It was a complicated process because many of the modules I studied in the 1990s have been retired and there is no definitive source of information. I was able to at compile a summary of each one from a diversity of sources:
- Course module materials
- An eBay sale listing
- Records from the Open University library online
- Other people's online CVs
- Official OU Degree Supplement
The Degree Supplement was acceptable but the initial application was declined as there was insufficient detail about the content of each module. None of the other information was acceptable but I compiled it into a coherent an consistent document and the Open University forwarded it to the library who (very generously, I thought) checked it against the original course materials in the library.
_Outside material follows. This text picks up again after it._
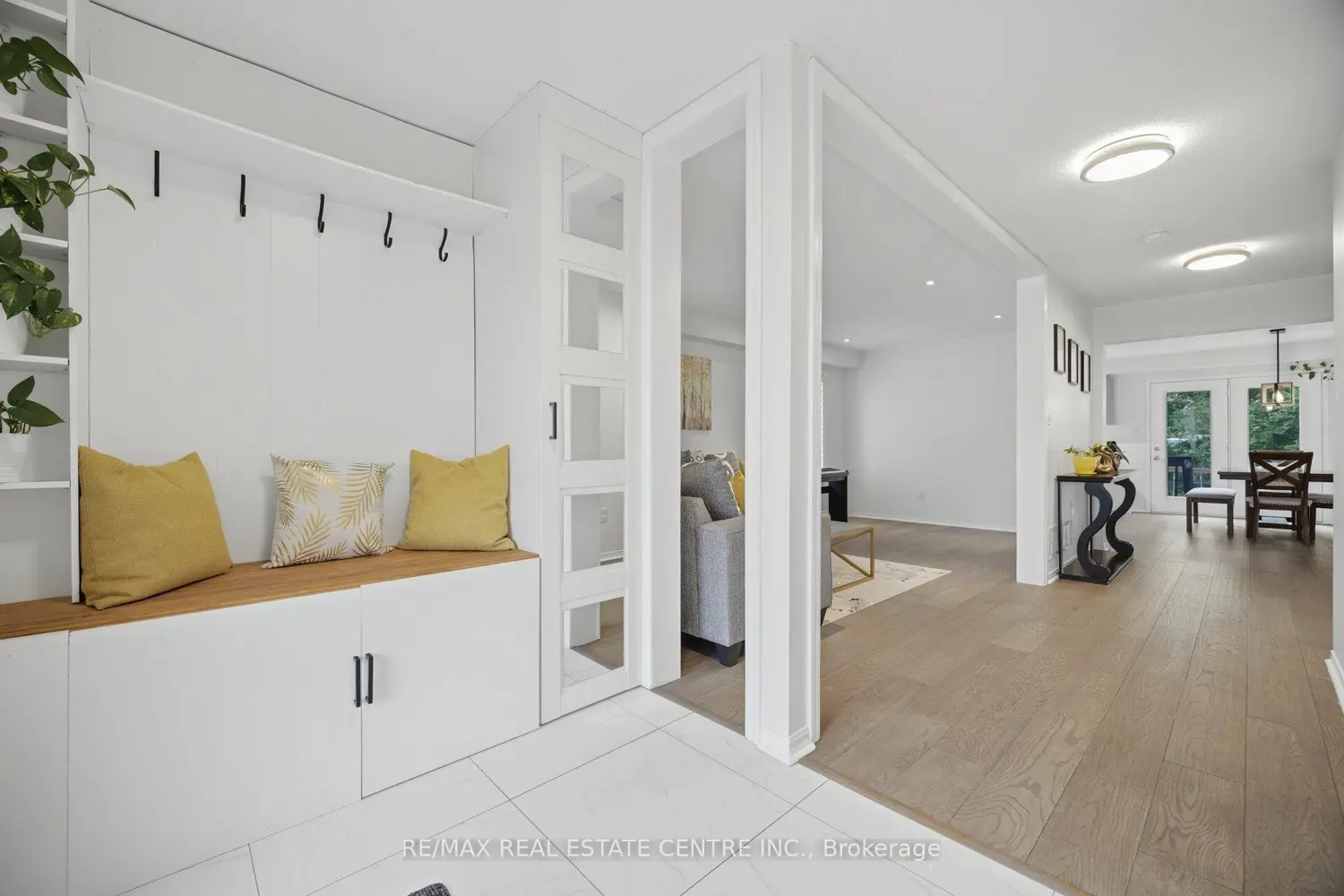 71 Barrett Avenue photo 3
This saved me visiting the library myself, and the considerable cost of a journey to Milton Keynes and an overnight hotel stay there. Unfortunately the Spanish criteria are based on years of full.-time academic study, while OU modules are based on an estimate of the hours. Included an estimate of the years of study on the document that I submitted to the OU. The document was stamped by the OU to make it official and I had a sworn translation done at a cost of about €100. This was sufficient for the application to be accepted.
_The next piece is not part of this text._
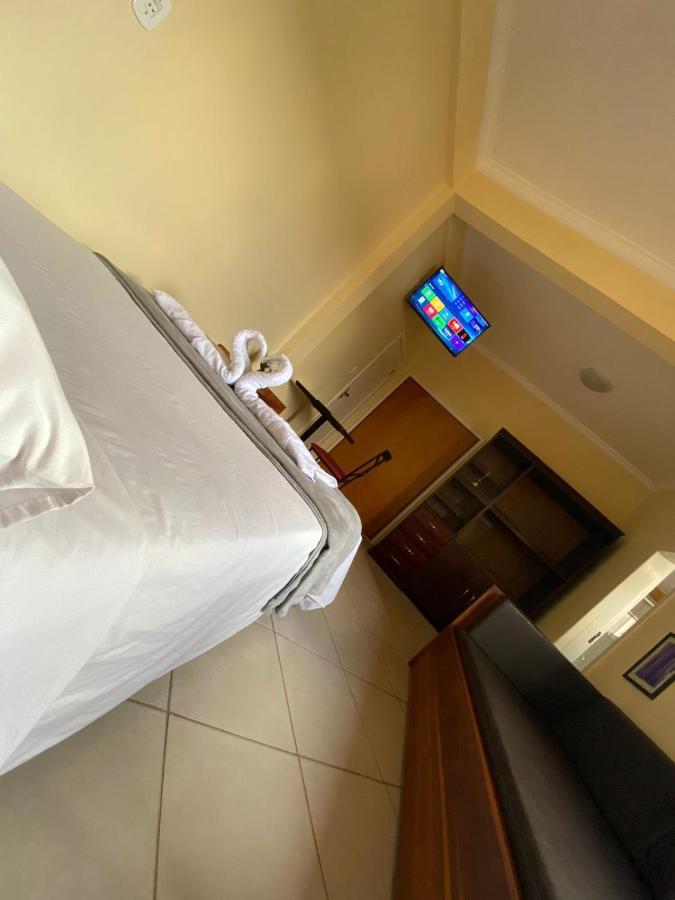 Hotel Cascata Capelinha Esterno foto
I applied for recognition as a named degree but without knowing what the requirements are. This was rejected and on seeing the requirements it was evident that there were several modules (asignaturas) that I did not have. If I'd had that information before I applied, I would have saved several months of delay. the rejection leter helpfully stated that I would be eligible for a diploma, which I believe is less than my degree but is an acceptable university-level academic qualification.
The staff at the Ministry of Education at the enquiries office on calle de Alcalá and the registry on calle de los Madrazo were very helpful and I did not have to wait more than five minutes.